Lanning had originally attempted to start a Spanish reading group for children at various locations including the San Clemente Public Library and Dana Hills High Community Center, but those ended up at dead ends. As a shopper at Beachtown Bookstore, she proposed the idea to the store’s manager and was amazed that they were eager to support her proposal.
The bookstore has also allowed her to host the 3:30 reading group for English-speaking as well as a 4:30 time slot for Spanish-speaking children or bilinguals who want to read. Unfortunately, since the Spanish reading group began there have been zero attendees.
“I just want to read, and I want them to love books,” Lanning said. “Reading is so precious. Especially in the Hispanic community, many parents don’t read to their children because they’re working.”
Although the room is fairly small it is covered in vast amounts of books wall to wall all organized by genre and more tediously sorted alphabetically by the author’s last name. This immerses any nostalgic reader by recognizing series names like “The Hardy Boys,” “Nancy Drew,” “Harry Potter” and even the infamous “Captain Underpants.”
She engages in conversation with the mother and mentions that the past couple of reading groups have dwindled in attendance but are still eager for the opportunity for reading time and to talk among themselves.

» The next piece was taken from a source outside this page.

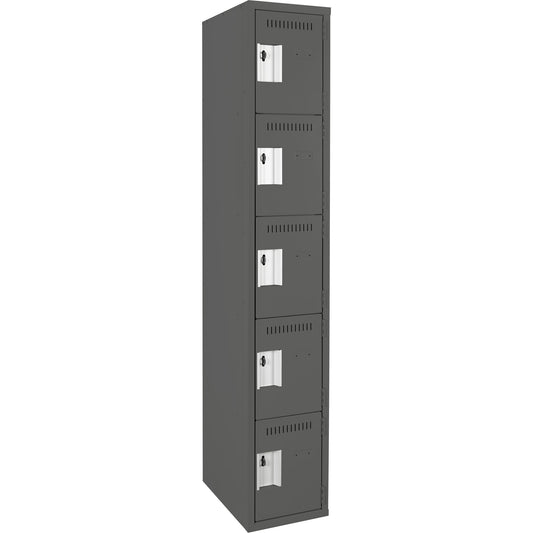 Clean Line™ Lockers, 5 -tier, 12" x 18" x 72", Steel, Charcoal, Rivet (Assembled)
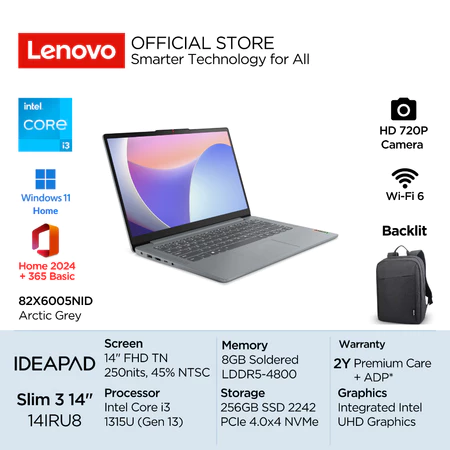 Lenovo IdeaPad Slim 3i 14IRU8 Intel Core i3 1315U Win11 8GB 256GB SSD 14" FHD TN 45% NTSC Antiglare Integrated Backlit 5LID Lenovo Official Store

The space is limited with only one chair to sit in but instead of Lanning sitting in the chair she offers it to any of the adults, but everyone decides the floor is a better place. Once everyone is acquainted the real challenge begins: how do you get a 7-month-old baby to engage in reading?
Lanning recognizes that some people might think infants seem too young to comprehend reading, but the baby before us recognizing words is proving otherwise. She sees the baby mesmerized by a more interactive book about space and shuffles between a few different books in the room. The child picks the book with numbers after Lanning proposes a few different books.
Applauding and cheers come from the child’s mother and Lanning as the infant starts to count along with Lanning all the way up to 10 and she also starts to applaud along.
At one point in the reading group, one of the two children in attendance lost interest in all reading activities. Lanning decides to grab the tiny children’s book that includes pictures and sounds of farm animals, knowing that’s one of the infant’s sweet spots. When that doesn’t work, the mother suggests singing a song.
The singing turns into a full-on choir with multiple lullabies that engage the infant enough for her to request multiple encores, which she agrees to perform after her mom bows out. She recognizes the mother is exhausted from trying to corral her child from escaping the reading room and that’s when Lanning continues singing and lets the mother take a breather.
The multiple encores can only keep a baby occupied for so long, so the child resorts to tears. Lanning reaches into her box of supplies to pull out the simple solution: a dinosaur sticker. The tears dissolve. All is well again, and she continues reading.
Lanning realizes that the child benefits from the reading group but also allows the parent to take a break from the many different roles they play whether that be a wife, single mother or working mom and she is okay with that.
Lanning continues to come back each Thursday in hopes of seeing the same and new faces of children and parents who want to help introduce reading to their children at a young age, whether in English or Spanish.